Notice the “with MockHttpService” on line 3. We want to write that such that the expectations expressed in the tests can be tested. It therefore needs to return hardcoded responses as if we had made these requests to a real InfluxDB instance. In the below I used Mockito to achieve this:

trait MockHttpService extends HTTPServiceComponent {
    import org.mockito.Mockito._
    override val httpService = mock(classOf[HTTPService])
    private val dblist = "http://localhost:8086/db?u=root&p=root"
    private val query = "http://localhost:8086/db/testing/series?u=root&p=root&time_precision=m&q=select+*+from+testing"

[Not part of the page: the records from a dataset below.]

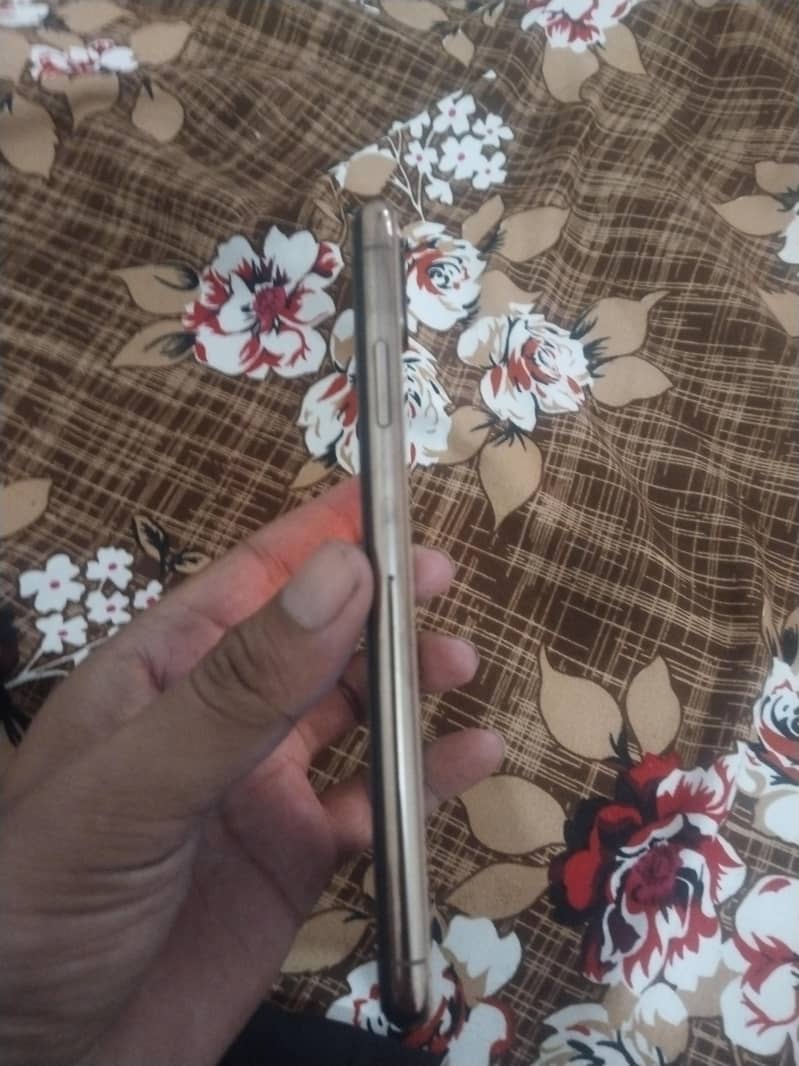 Apple iPhone XS Max 5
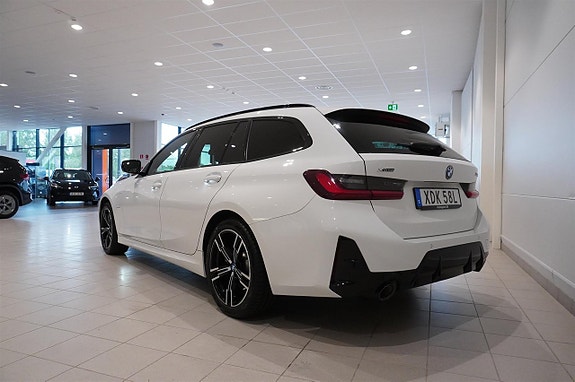 BMW 330e 4 of 12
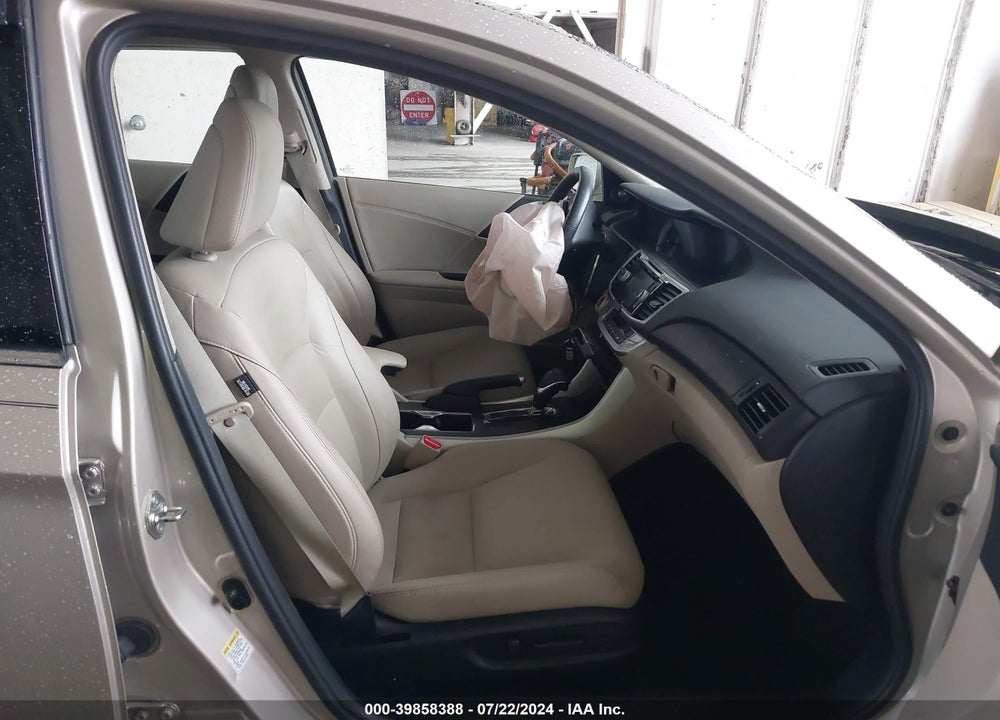 2015 HONDA ACCORD VIN: 1HGCR3F85FA012893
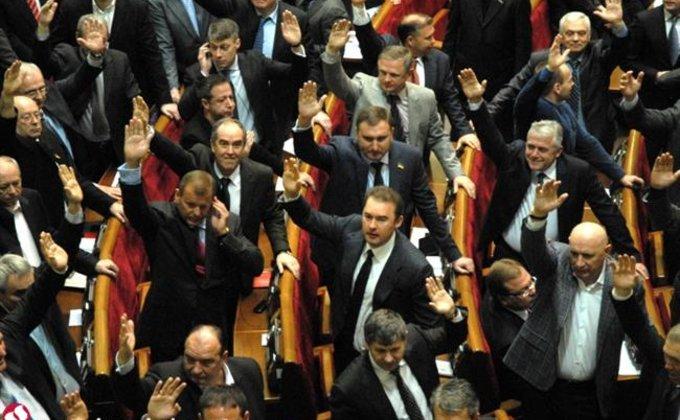 Рада готова голосовать руками — Стефанчук о блокировании работы парламента. Фото: LIGA.net 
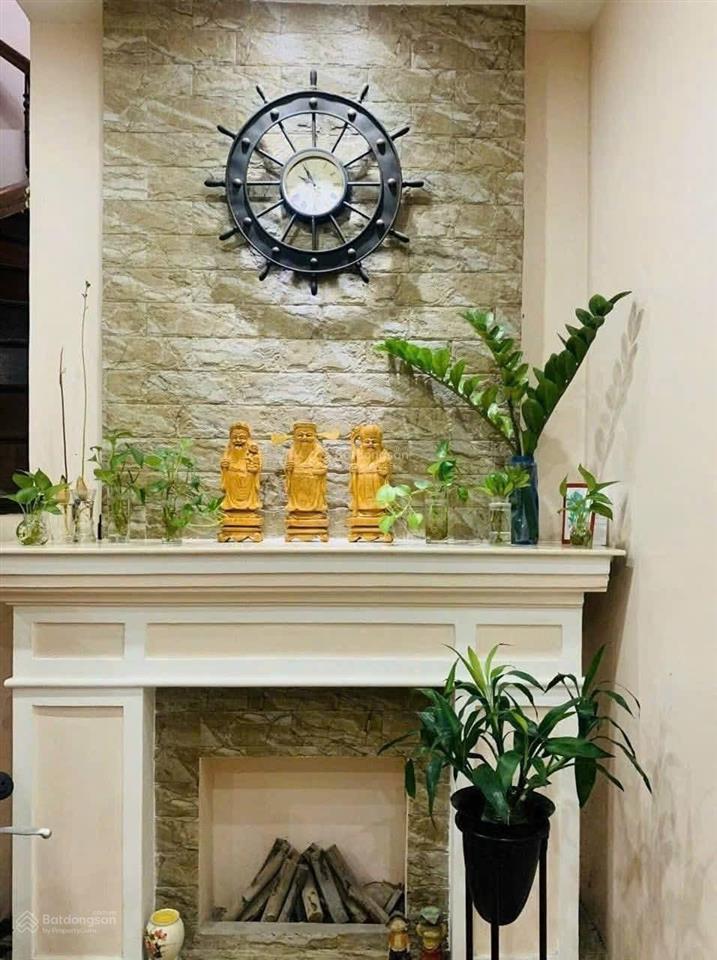 Lô góc  20m ra mặt ngõ hoàng cầu  oto tránh  58m x 4t  kd tốt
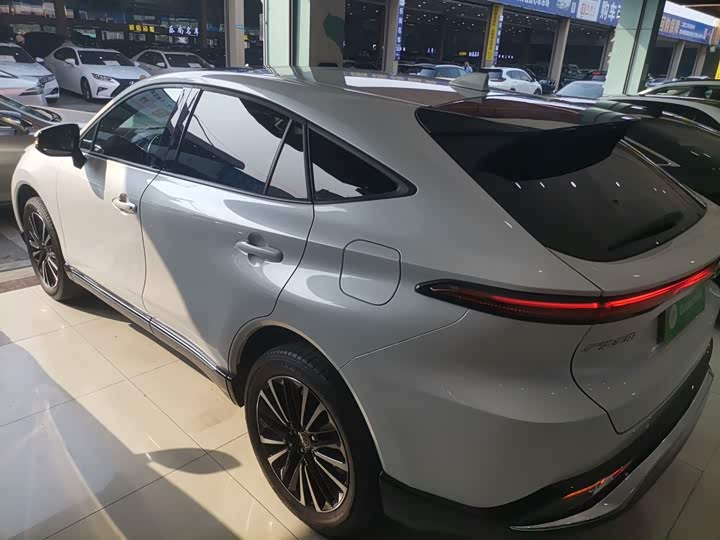 Toyota Venza 2023 2023款 2.0L CVT两驱尊贵版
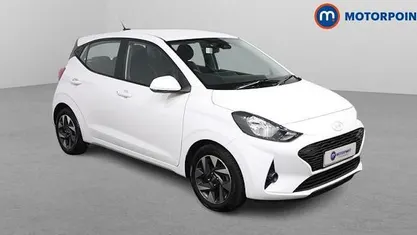 Used Hyundai i10 Advanced 63 HP (46 kW) 2025 White Hatchback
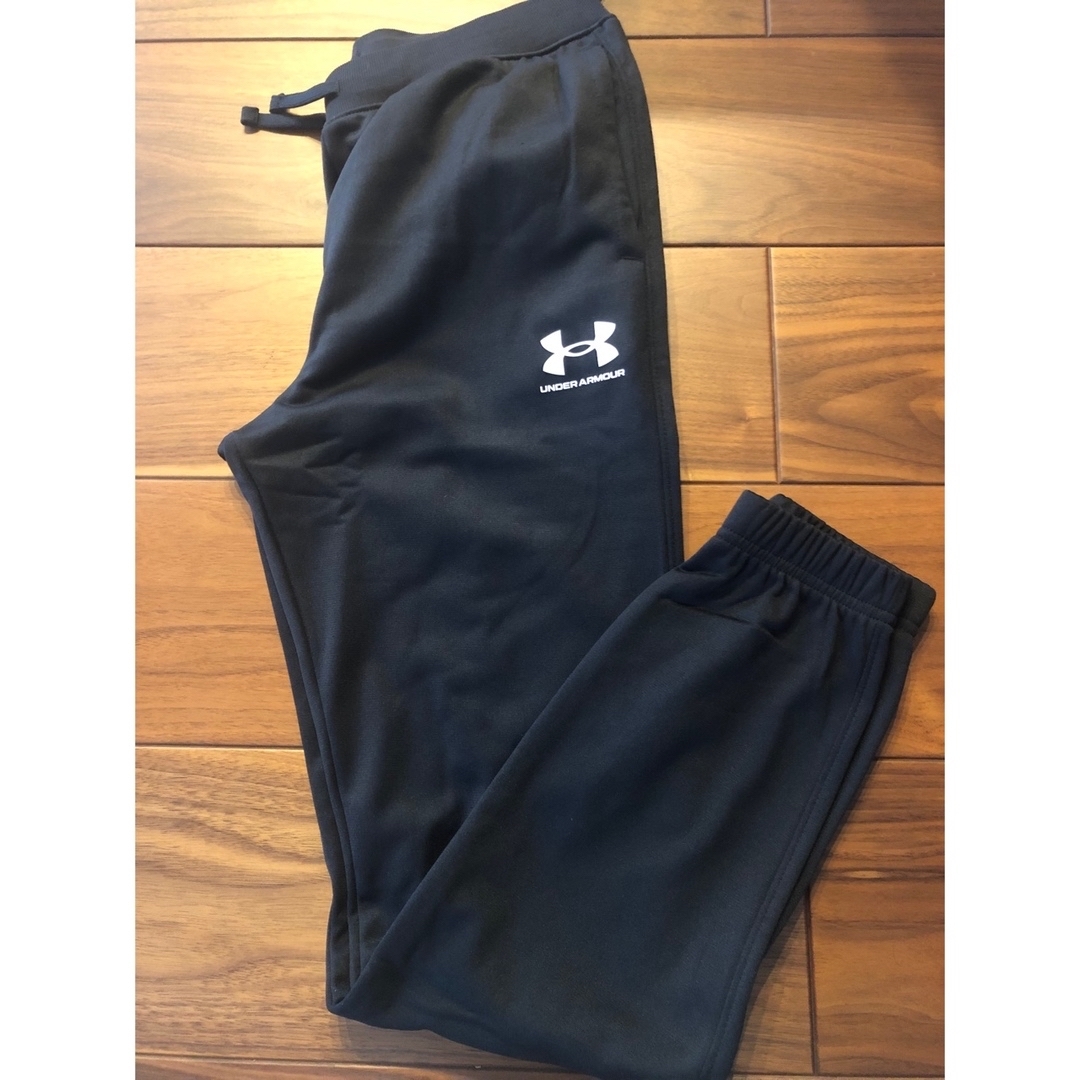 UNDER ARMOUR(アンダーアーマー)のアンダーアーマー　ジャージ上下セット　  新品 160cm キッズ/ベビー/マタニティのキッズ服男の子用(90cm~)(その他)の商品写真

    when(httpService.GET(dblist)).thenReturn(Future[String](
      """
        [
          {"name":"dbOne", "replicationFactor": 1},
          {"name":"dbTwo", "replicationFactor": 2},
        ]
      """
    ))
    when(httpService.GET(query)).thenReturn(Future[String](
      """
        [
          {
            "name":"testing",
            "columns":["time","sequence_number","bar","baz","foo"],
            "points":[
              [100,1,200,null,100],
              [200,2,200,null,100],
              [300,3,100,300,null]
            ]
          }
        ]
      """
    ))
  }

The MockHttpService is another concrete implementation of the HttpServiceComponent, but instead of actually communicating over http with a real database it uses Mockito to stub out hardcoded responses to the various requests, based on the url. You can read about Mockito on their site. I believe the code is pretty self-explanatory; when you see a request with the given url, return the given response… Doesn’t get much easier.

Conclusion

The Cake pattern is an excellent way to inject dependencies in a syntactically brilliant way. No frameworks or libraries (like Spring or Guice) are needed. The standard Scala language feature of mixing in traits is all you need. Combinations of dependencies are easily created as well, as evidenced by the StandaloneConfig trait. As a bonus, it is incredibly easy to write unit tests as well by selectively mocking one or more of your dependencies.